La Pinacoteca, espressione del gusto di Giovanni e Marella Agnelli, sorge sul tetto del Lingotto come uno “Scrigno”che custodisce oggetti preziosi. L’idea è nata poco a poco, dalla passione per l’arte di Giovanni Agnelli e dal suo senso del mecenatismo, che nel tempo si è espresso attraverso il sostegno di numerose iniziative, come l’acquisizione di Palazzo Grassi attraverso l’acquisto di Snia Viscosa, che per tutti gli anni Ottanta e Novanta è stato uno straordinario centro artistico internazionale. Un’esperienza molto importante per l’avvocato, ma concentrata su Venezia, mentre continuava ad accompagnarlo il desiderio di realizzare qualcosa di particolarmente significativo per Torino, la sua città. È stato attraverso le lunghe conversazioni con Renzo Piano, che alla fine degli anni Novanta è nata l’idea di un museo nel Lingotto.

I progetti architettonici di Renzo Piano rivelano una grande sensibilità a costruire spazi abitati dall’arte. In che modo l’evidenza strutturale della Pinacoteca trova un equilibrio con le opere della collezione?

Con la Pinacoteca Renzo Piano ha voluto segnare qualcosa di estremamente prezioso. Lo “Scrigno” già nella sua struttura esprime il valore di quanto custodisce. Lo spazio espositivo riservato alla collezione è di circa quattrocento metri quadrati, pensato appositamente per le opere, più precisamente ventitre dipinti e due sculture che spaziano dal Settecento agli anni Quaranta del Novecento. Opere assolutamente significative, scelte personalmente da Giovanni e Marella Agnelli, hanno quindi trovato posto in un ambiente espressamente concepito.

Quale significato aggiunge alla collezione la sua sistemazione nel Lingotto, un edificio emblematico nella storia della famiglia Agnelli e particolarmente caro alla memoria dell’avvocato?

Un significato certamente speciale, perché questo non è un edificio qualunque. È il Lingotto: simbolo della famiglia Agnelli, simbolo della Città di Torino, simbolo del lavoro e del progresso, simbolo del Novecento che ora si proietta nel futuro. È stato un luogo molto amato dall’avvocato, situato in un’area della città a lui altrettanto cara. Per questo, quando nel 1982 fu deciso di spostare la produzione industriale e chiudere la fabbrica, pensò a un concorso internazionale per trasformarla in una struttura capace di svolgere attività diverse tra loro, e necessarie a Torino. L’idea forte era di valorizzare tutta l’area circostante creando qualcosa di veramente nuovo, che però conservasse l’identità dell’edificio, nel frattempo vincolato come testimonianza di archeologia industriale.

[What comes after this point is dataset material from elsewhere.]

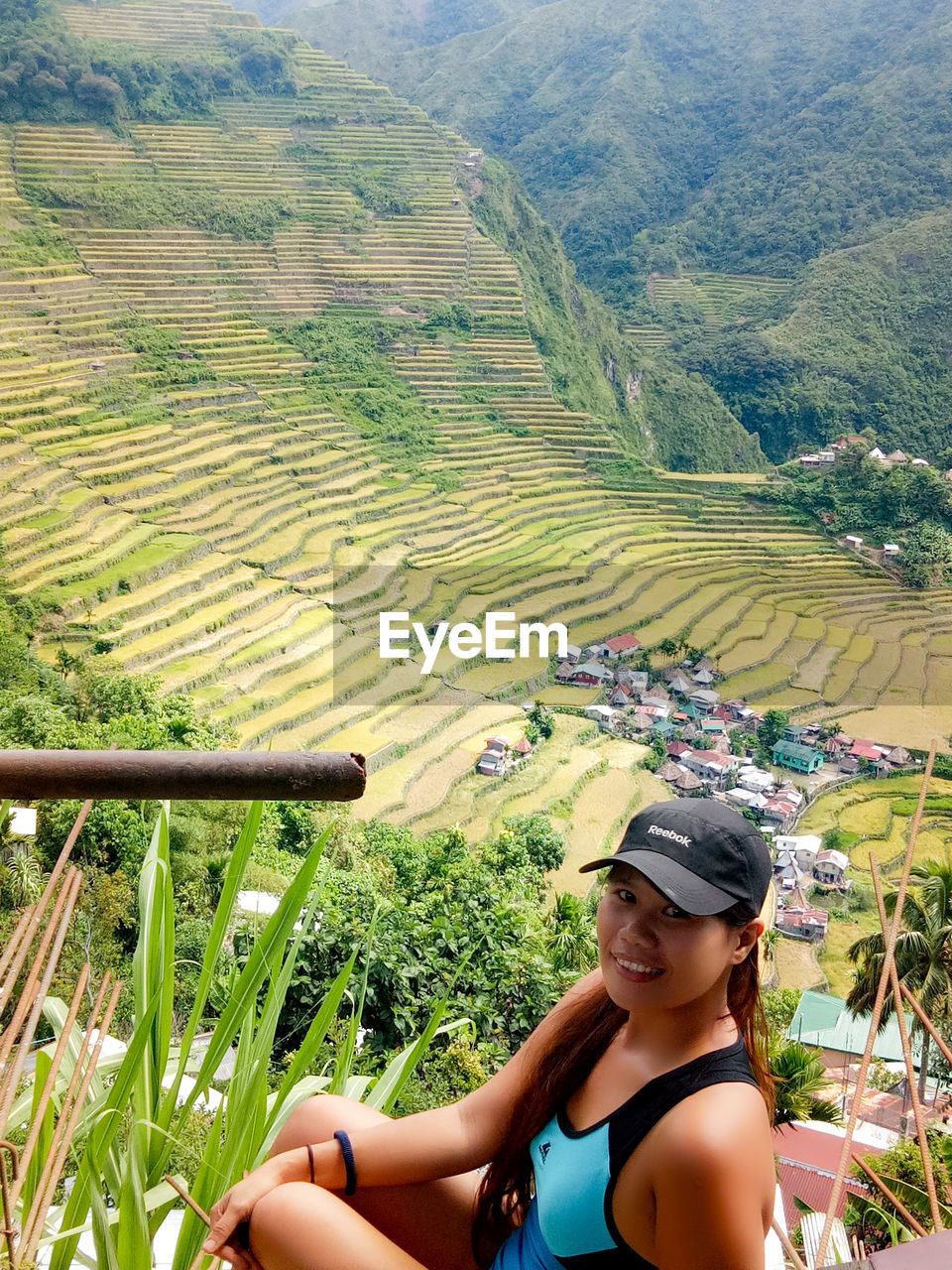 PORTRAIT OF SMILING YOUNG WOMAN STANDING ON AGRICULTURAL LAND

Visto dall’esterno, infatti, il Lingotto ha mantenuto la sua fisionomia originale, quella degli anni Venti, quando fu progettato sul modello della Ford di Detroit, con una produzione che si sviluppava in verticale e terminava sul tetto dell’edificio, dove nella famosa pista – da subito simbolo del Lingotto insieme alle due rampe – si collaudavano le automobili prima di immetterle nel mercato.

Era della grande borghesia illuminata di inizio Novecento il principio che al privilegio fossero corrisposte delle azioni utili alla comunità. In questa idea di mecenatismo sociale di stampo anglosassone si possono trovare in nuce gli elementi che hanno mosso Giovanni e Marella Agnelli alla costituzione di un museo per la Città di Torino?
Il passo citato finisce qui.